> **Problem details**: Everything from the line with "Colchão ACTISOM Actilatex" to the final line of the entries is to be set down exactly, except the pictures.

------------

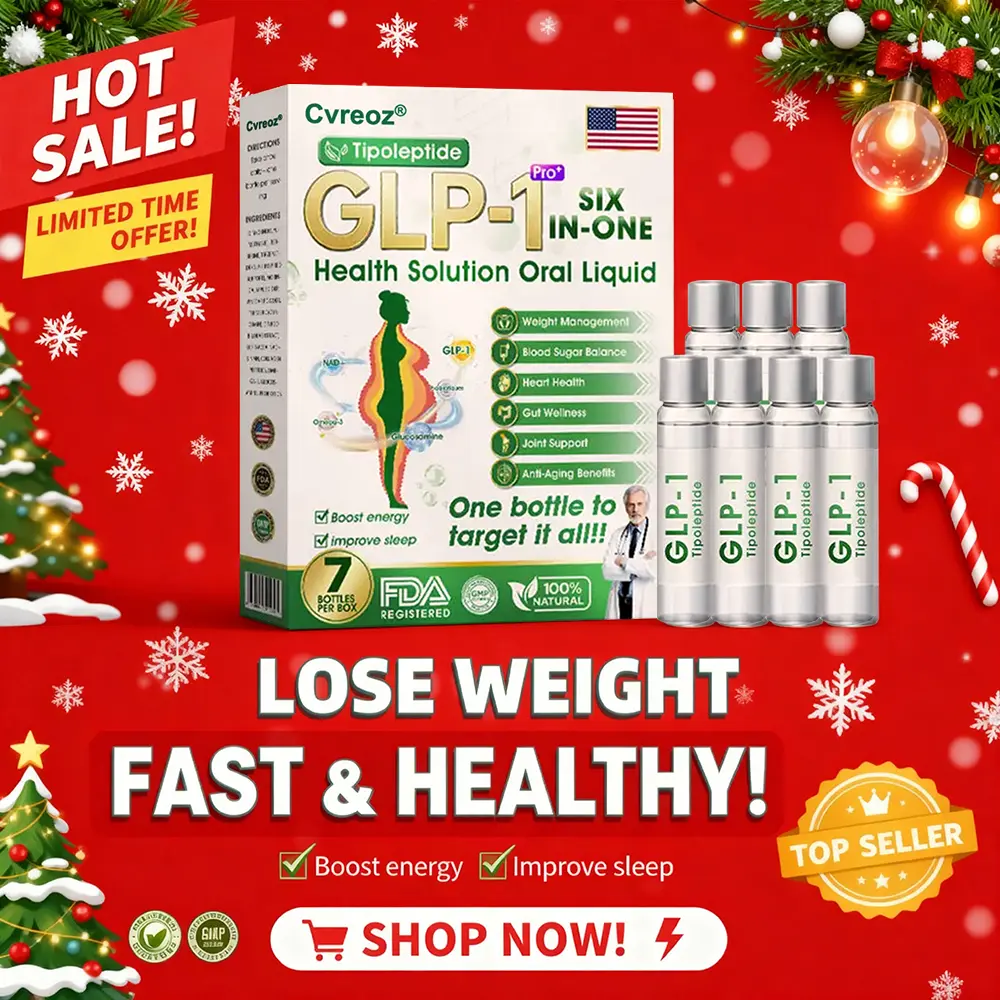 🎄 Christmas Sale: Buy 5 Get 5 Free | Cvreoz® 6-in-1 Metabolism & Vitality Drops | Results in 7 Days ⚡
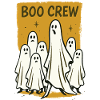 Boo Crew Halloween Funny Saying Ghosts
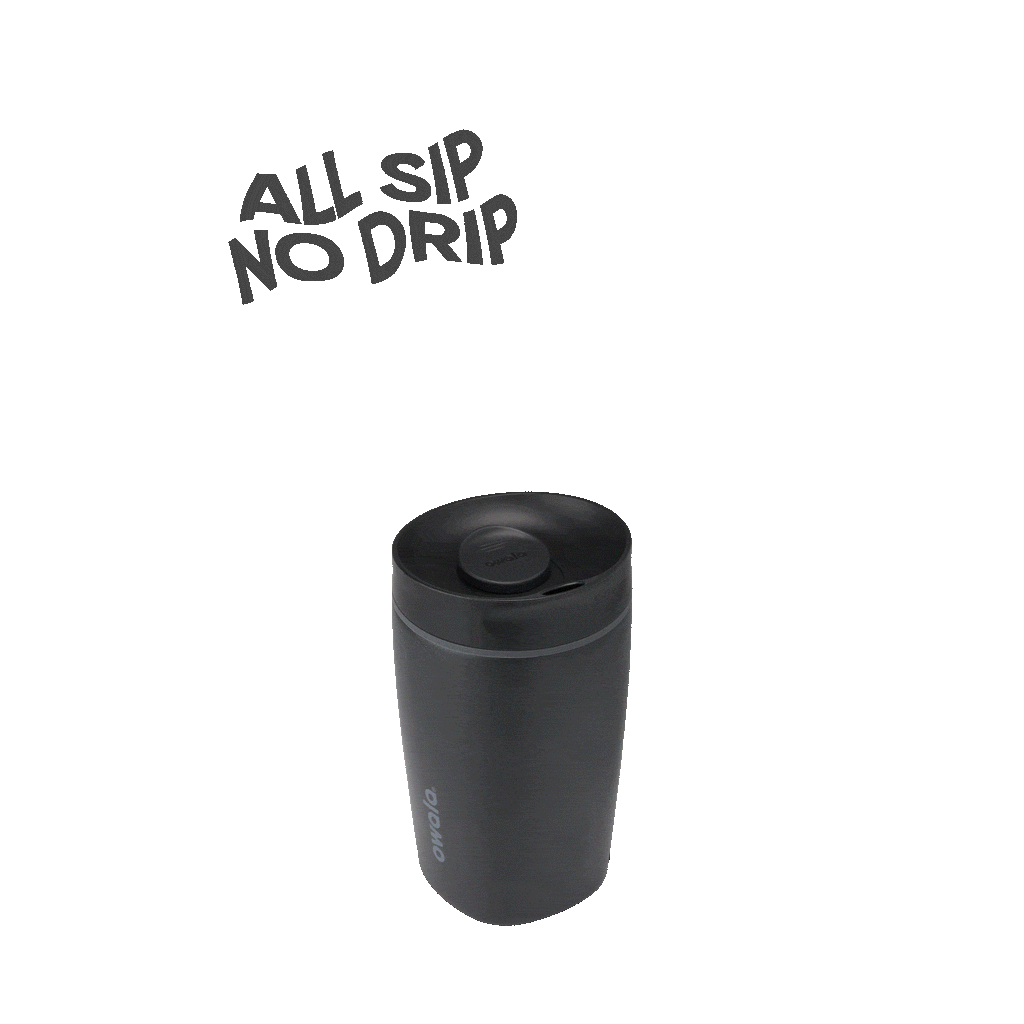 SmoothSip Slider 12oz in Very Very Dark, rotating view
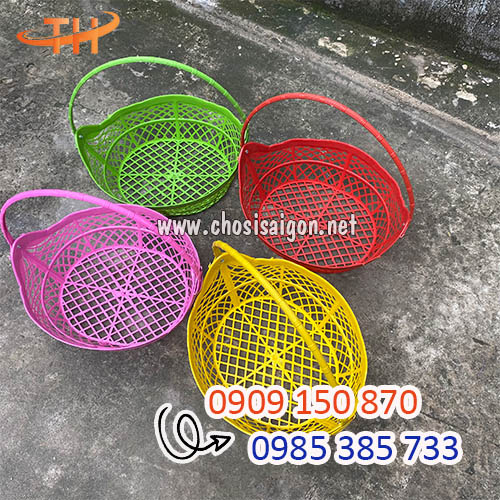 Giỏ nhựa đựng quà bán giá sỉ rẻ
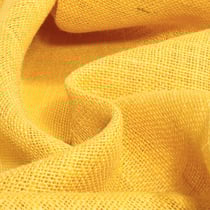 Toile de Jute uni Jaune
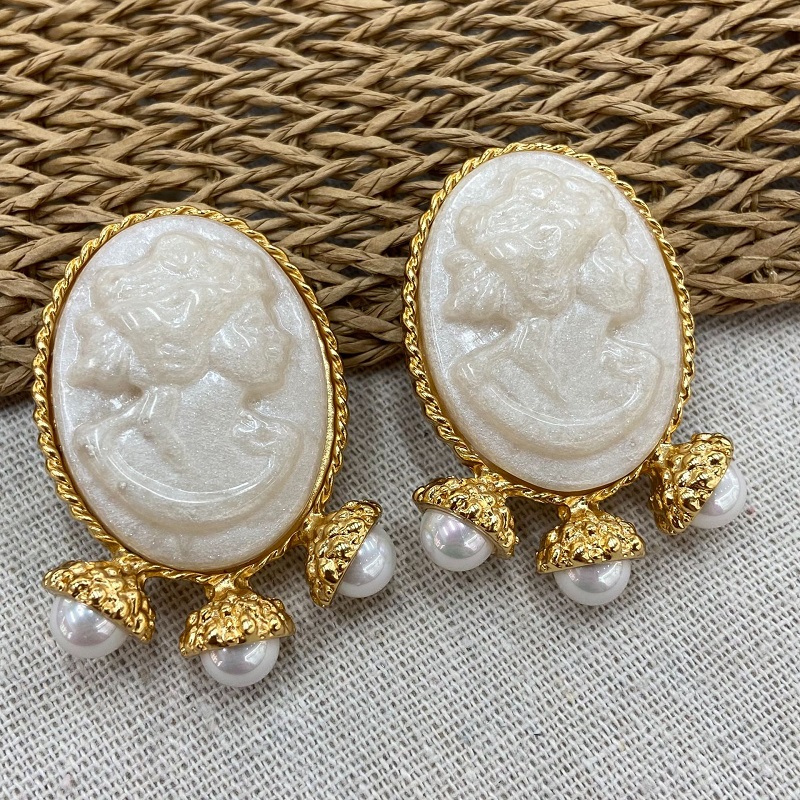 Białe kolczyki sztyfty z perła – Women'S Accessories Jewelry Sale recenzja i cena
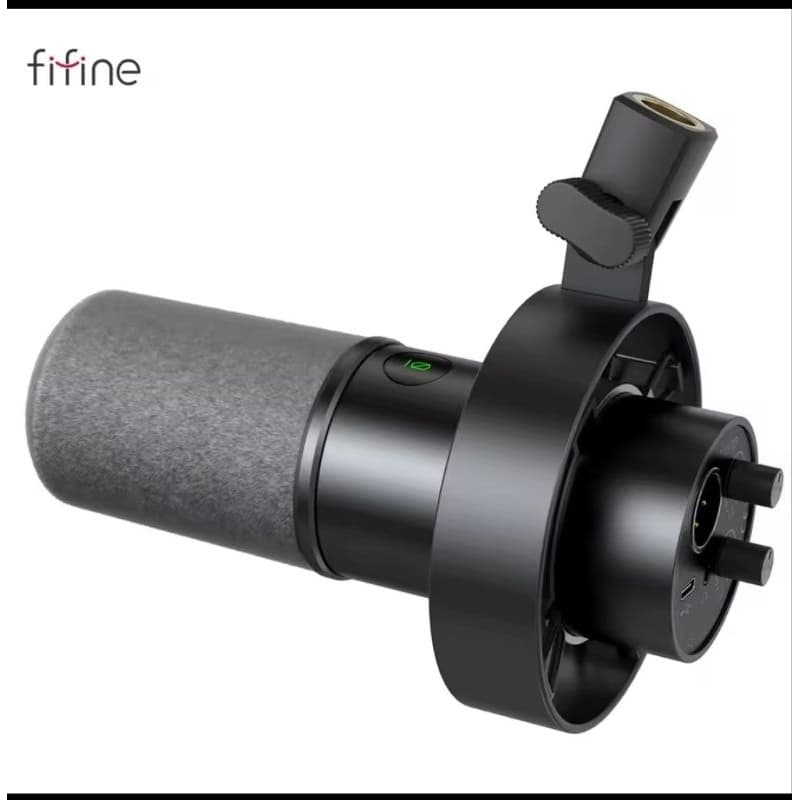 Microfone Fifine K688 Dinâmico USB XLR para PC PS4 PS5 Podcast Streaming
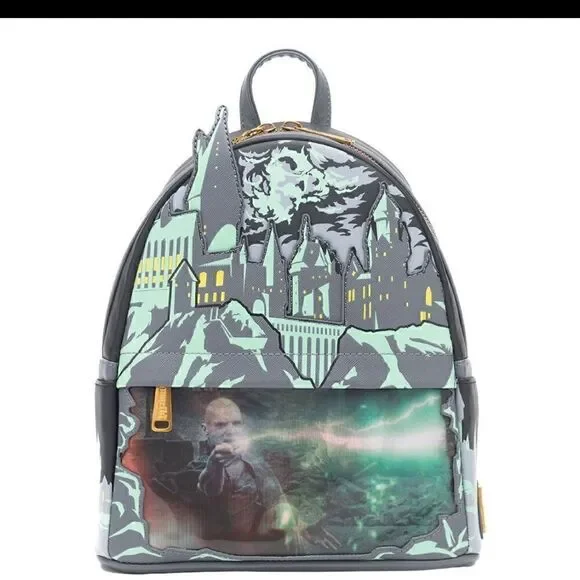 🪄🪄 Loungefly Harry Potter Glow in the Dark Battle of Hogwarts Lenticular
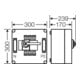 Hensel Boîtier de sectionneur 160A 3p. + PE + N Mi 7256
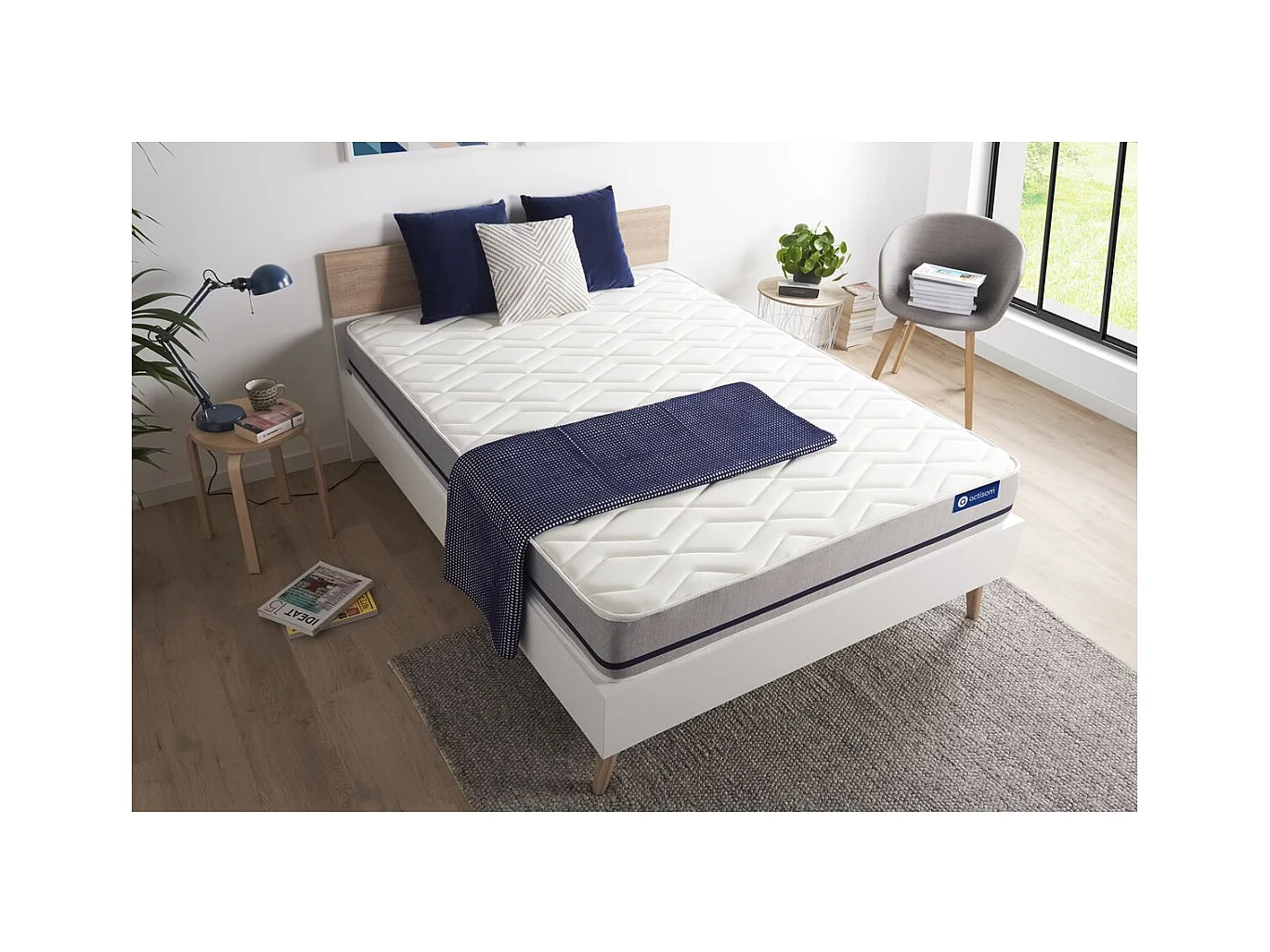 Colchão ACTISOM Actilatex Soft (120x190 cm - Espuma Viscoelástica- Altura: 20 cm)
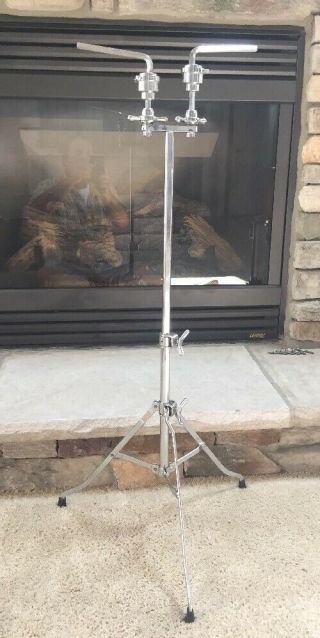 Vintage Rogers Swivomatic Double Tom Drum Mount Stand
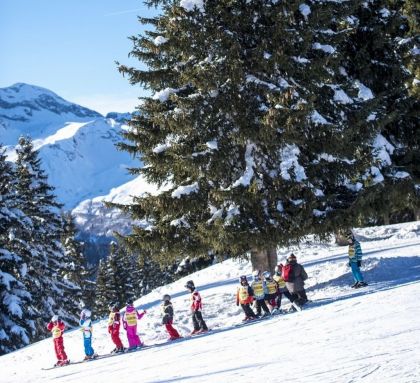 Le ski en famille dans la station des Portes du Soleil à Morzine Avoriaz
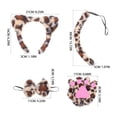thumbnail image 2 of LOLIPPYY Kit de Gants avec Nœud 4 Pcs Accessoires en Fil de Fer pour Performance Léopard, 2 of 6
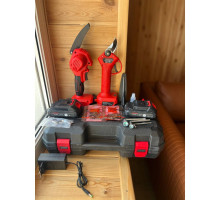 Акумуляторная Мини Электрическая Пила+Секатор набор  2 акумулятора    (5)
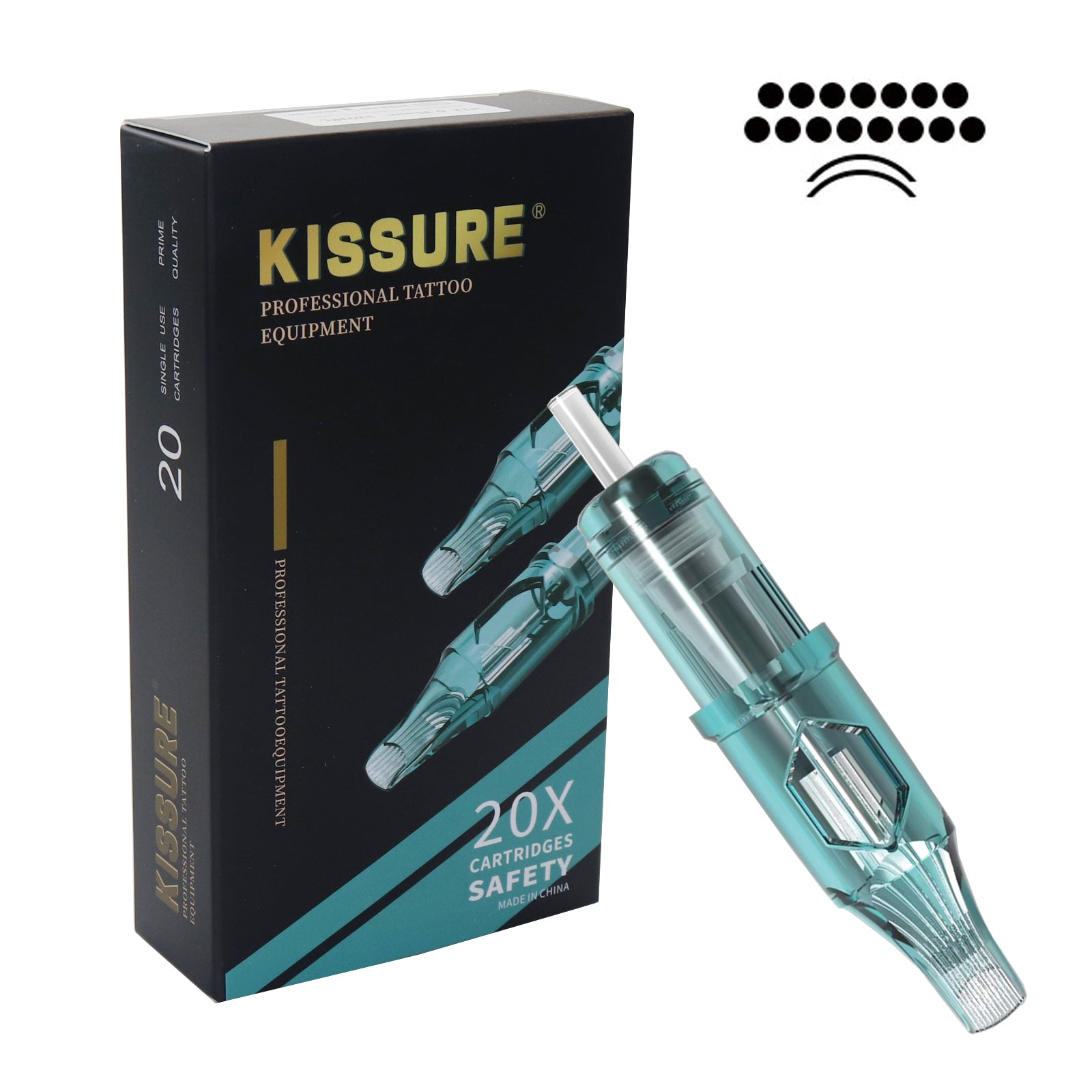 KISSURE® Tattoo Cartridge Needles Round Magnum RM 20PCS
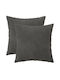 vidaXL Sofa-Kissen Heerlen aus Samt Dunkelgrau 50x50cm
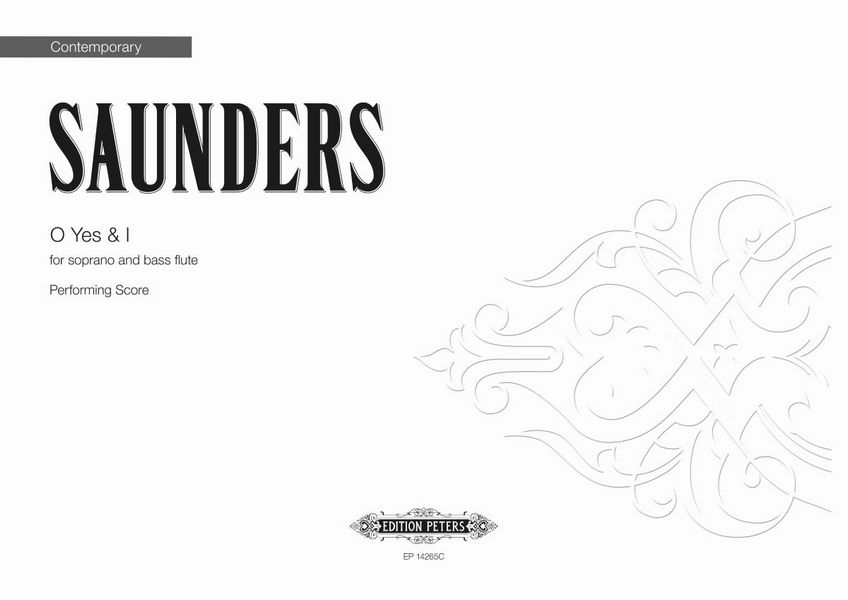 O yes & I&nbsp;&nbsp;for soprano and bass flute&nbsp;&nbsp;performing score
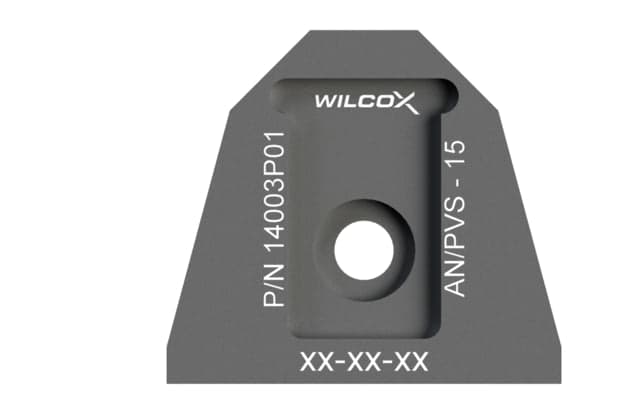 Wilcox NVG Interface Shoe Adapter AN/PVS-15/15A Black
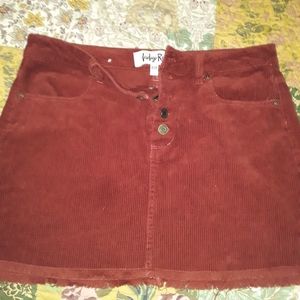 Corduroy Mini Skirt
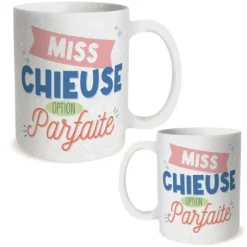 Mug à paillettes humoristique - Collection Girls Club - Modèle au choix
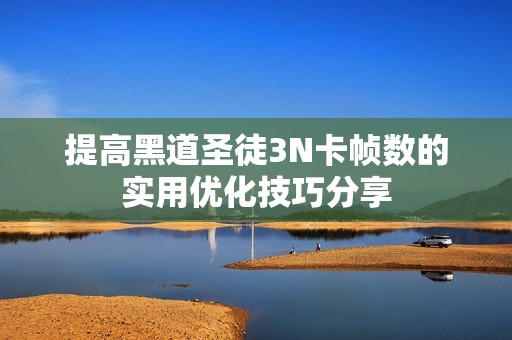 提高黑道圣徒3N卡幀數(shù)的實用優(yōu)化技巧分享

------------

> **Response area**:
 Colchão ACTISOM Actilatex Soft (120x190 cm - Espuma Viscoelástica- Altura: 20 cm)
 Vintage Rogers Swivomatic Double Tom Drum Mount Stand
 Le ski en famille dans la station des Portes du Soleil à Morzine Avoriaz
thumbnail image 2 of LOLIPPYY Kit de Gants avec Nœud 4 Pcs Accessoires en Fil de Fer pour Performance Léopard, 2 of 6
 Акумуляторная Мини Электрическая Пила+Секатор набор  2 акумулятора    (5)
 KISSURE® Tattoo Cartridge Needles Round Magnum RM 20PCS
 vidaXL Sofa-Kissen Heerlen aus Samt Dunkelgrau 50x50cm
 O yes & I&nbsp;&nbsp;for soprano and bass flute&nbsp;&nbsp;performing score
 Wilcox NVG Interface Shoe Adapter AN/PVS-15/15A Black
 Corduroy Mini Skirt
 Mug à paillettes humoristique - Collection Girls Club - Modèle au choix
 提高黑道圣徒3N卡幀數(shù)的實用優(yōu)化技巧分享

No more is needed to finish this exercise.